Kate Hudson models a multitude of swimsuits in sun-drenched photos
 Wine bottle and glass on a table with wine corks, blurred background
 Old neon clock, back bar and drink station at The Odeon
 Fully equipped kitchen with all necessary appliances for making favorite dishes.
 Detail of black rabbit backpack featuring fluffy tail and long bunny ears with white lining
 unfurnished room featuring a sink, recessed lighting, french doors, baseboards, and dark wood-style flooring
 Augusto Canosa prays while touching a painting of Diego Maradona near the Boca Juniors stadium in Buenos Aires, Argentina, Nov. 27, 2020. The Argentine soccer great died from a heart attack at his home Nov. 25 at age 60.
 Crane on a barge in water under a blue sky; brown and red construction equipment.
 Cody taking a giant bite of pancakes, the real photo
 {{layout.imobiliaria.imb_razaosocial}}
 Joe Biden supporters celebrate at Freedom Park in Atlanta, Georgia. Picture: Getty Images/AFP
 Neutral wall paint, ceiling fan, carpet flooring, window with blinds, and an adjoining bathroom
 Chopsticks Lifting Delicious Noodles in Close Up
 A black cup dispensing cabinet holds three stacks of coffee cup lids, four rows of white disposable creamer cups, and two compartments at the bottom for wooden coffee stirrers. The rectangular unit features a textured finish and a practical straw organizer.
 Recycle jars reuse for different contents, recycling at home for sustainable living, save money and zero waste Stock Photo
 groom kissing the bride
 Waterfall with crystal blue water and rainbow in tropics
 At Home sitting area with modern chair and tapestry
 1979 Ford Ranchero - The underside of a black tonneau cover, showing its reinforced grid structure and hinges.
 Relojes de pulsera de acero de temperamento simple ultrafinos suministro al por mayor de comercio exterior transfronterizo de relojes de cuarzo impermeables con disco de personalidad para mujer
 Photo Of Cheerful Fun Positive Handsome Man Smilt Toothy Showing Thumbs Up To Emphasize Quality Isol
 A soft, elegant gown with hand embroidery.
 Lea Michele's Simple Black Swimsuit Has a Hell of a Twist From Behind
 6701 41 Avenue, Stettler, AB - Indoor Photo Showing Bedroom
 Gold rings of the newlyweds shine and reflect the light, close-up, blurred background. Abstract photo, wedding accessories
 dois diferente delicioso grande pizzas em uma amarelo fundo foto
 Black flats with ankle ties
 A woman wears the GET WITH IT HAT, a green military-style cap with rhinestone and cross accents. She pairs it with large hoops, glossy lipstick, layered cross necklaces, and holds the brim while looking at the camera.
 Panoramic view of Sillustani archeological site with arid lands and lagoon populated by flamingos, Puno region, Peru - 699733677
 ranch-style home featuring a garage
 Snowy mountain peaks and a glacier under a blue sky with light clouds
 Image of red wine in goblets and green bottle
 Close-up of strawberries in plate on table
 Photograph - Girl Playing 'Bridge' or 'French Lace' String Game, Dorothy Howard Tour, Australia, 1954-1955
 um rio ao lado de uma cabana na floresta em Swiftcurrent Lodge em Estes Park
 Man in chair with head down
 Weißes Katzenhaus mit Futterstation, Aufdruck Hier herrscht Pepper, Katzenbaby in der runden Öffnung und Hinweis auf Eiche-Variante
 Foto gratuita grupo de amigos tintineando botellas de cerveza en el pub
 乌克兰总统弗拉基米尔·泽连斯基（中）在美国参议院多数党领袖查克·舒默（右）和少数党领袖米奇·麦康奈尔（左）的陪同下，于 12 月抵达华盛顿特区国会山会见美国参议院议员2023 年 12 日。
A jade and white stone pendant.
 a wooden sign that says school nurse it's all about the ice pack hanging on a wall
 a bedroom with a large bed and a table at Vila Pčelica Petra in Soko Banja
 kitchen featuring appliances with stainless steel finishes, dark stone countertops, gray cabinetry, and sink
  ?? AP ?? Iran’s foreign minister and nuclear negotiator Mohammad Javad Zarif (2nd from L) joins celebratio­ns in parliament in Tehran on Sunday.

**Assignment**
Please reproduce each line above exactly as written.

**Exercise output**
Kate Hudson models a multitude of swimsuits in sun-drenched photos
 Wine bottle and glass on a table with wine corks, blurred background
 Old neon clock, back bar and drink station at The Odeon
 Fully equipped kitchen with all necessary appliances for making favorite dishes.
 Detail of black rabbit backpack featuring fluffy tail and long bunny ears with white lining
 unfurnished room featuring a sink, recessed lighting, french doors, baseboards, and dark wood-style flooring
 Augusto Canosa prays while touching a painting of Diego Maradona near the Boca Juniors stadium in Buenos Aires, Argentina, Nov. 27, 2020. The Argentine soccer great died from a heart attack at his home Nov. 25 at age 60.
 Crane on a barge in water under a blue sky; brown and red construction equipment.
 Cody taking a giant bite of pancakes, the real photo
 {{layout.imobiliaria.imb_razaosocial}}
 Joe Biden supporters celebrate at Freedom Park in Atlanta, Georgia. Picture: Getty Images/AFP
 Neutral wall paint, ceiling fan, carpet flooring, window with blinds, and an adjoining bathroom
 Chopsticks Lifting Delicious Noodles in Close Up
 A black cup dispensing cabinet holds three stacks of coffee cup lids, four rows of white disposable creamer cups, and two compartments at the bottom for wooden coffee stirrers. The rectangular unit features a textured finish and a practical straw organizer.
 Recycle jars reuse for different contents, recycling at home for sustainable living, save money and zero waste Stock Photo
 groom kissing the bride
 Waterfall with crystal blue water and rainbow in tropics
 At Home sitting area with modern chair and tapestry
 1979 Ford Ranchero - The underside of a black tonneau cover, showing its reinforced grid structure and hinges.
 Relojes de pulsera de acero de temperamento simple ultrafinos suministro al por mayor de comercio exterior transfronterizo de relojes de cuarzo impermeables con disco de personalidad para mujer
 Photo Of Cheerful Fun Positive Handsome Man Smilt Toothy Showing Thumbs Up To Emphasize Quality Isol
 A soft, elegant gown with hand embroidery.
 Lea Michele's Simple Black Swimsuit Has a Hell of a Twist From Behind
 6701 41 Avenue, Stettler, AB - Indoor Photo Showing Bedroom
 Gold rings of the newlyweds shine and reflect the light, close-up, blurred background. Abstract photo, wedding accessories
 dois diferente delicioso grande pizzas em uma amarelo fundo foto
 Black flats with ankle ties
 A woman wears the GET WITH IT HAT, a green military-style cap with rhinestone and cross accents. She pairs it with large hoops, glossy lipstick, layered cross necklaces, and holds the brim while looking at the camera.
 Panoramic view of Sillustani archeological site with arid lands and lagoon populated by flamingos, Puno region, Peru - 699733677
 ranch-style home featuring a garage
 Snowy mountain peaks and a glacier under a blue sky with light clouds
 Image of red wine in goblets and green bottle
 Close-up of strawberries in plate on table
 Photograph - Girl Playing 'Bridge' or 'French Lace' String Game, Dorothy Howard Tour, Australia, 1954-1955
 um rio ao lado de uma cabana na floresta em Swiftcurrent Lodge em Estes Park
 Man in chair with head down
 Weißes Katzenhaus mit Futterstation, Aufdruck Hier herrscht Pepper, Katzenbaby in der runden Öffnung und Hinweis auf Eiche-Variante
 Foto gratuita grupo de amigos tintineando botellas de cerveza en el pub
 乌克兰总统弗拉基米尔·泽连斯基（中）在美国参议院多数党领袖查克·舒默（右）和少数党领袖米奇·麦康奈尔（左）的陪同下，于 12 月抵达华盛顿特区国会山会见美国参议院议员2023 年 12 日。
A jade and white stone pendant.
 a wooden sign that says school nurse it's all about the ice pack hanging on a wall
 a bedroom with a large bed and a table at Vila Pčelica Petra in Soko Banja
 kitchen featuring appliances with stainless steel finishes, dark stone countertops, gray cabinetry, and sink
  ?? AP ?? Iran’s foreign minister and nuclear negotiator Mohammad Javad Zarif (2nd from L) joins celebratio­ns in parliament in Tehran on Sunday.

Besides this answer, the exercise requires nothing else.